When ONdigital launched on 15th November 1998, the BBC provided their Parliament channel as an audio service (as they did at the time on DABdigital radio) with just a blank screen.
After ITV Digital failed, the BBC gained an extra transmission multiplex (B), and when Freeview launched on 30th October 2002, BBC Parliament was upgraded to quarter-screen service, with a very limited text service to provide additional information.
Many viewers have complained about this Freeview service because the channel is difficult to watch and it was not possible to use the subtitles.
Now, from the 13th November 2006, the channel will become a standard, full-screen service on Freeview (it has always been this way on digital satellite and cable TV) for the State Opening of Parliament.
The channel's controller, Peter Knowles, said ""No other parliamentary channel in the world matches what BBC Parliament now offers: round the clock broadcasting of Parliament, by digital terrestrial, cable, satellite and the web.
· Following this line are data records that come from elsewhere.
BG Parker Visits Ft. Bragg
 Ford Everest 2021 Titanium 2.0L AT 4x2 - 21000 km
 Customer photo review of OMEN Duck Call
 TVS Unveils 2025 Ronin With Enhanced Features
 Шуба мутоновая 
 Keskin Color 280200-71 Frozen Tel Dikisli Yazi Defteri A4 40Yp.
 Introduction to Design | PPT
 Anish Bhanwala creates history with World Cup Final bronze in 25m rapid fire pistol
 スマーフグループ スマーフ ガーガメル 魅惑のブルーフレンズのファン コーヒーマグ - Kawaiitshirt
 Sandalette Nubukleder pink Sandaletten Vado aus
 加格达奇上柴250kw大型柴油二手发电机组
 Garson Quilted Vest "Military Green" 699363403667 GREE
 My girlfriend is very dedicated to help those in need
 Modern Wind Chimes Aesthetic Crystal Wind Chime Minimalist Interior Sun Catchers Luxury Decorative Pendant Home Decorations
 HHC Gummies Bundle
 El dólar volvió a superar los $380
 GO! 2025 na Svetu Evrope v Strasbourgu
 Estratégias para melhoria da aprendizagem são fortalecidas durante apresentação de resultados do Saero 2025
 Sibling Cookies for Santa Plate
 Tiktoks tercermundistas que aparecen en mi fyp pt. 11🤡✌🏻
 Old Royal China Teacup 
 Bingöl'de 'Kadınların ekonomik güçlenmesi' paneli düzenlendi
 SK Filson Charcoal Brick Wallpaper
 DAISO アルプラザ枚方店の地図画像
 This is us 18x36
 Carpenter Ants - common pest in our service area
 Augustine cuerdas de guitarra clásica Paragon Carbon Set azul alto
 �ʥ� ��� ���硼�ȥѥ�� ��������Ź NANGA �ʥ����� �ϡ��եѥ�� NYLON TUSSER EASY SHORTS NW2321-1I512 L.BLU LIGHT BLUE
For the first time, the full proceedings of Parliament can be seen on terrestrial television, broadcast as a normal TV channel."
Additionally, programmes that carry subtitles will double to 810 hours a year.
On Freeview the channel has actually shared (on hidden channel 303) with the 2-screen BBC News Interactive, but it remains to see if the interactive news service disappears, or if it is to be expanded to six screens, as per the cable and satellite services.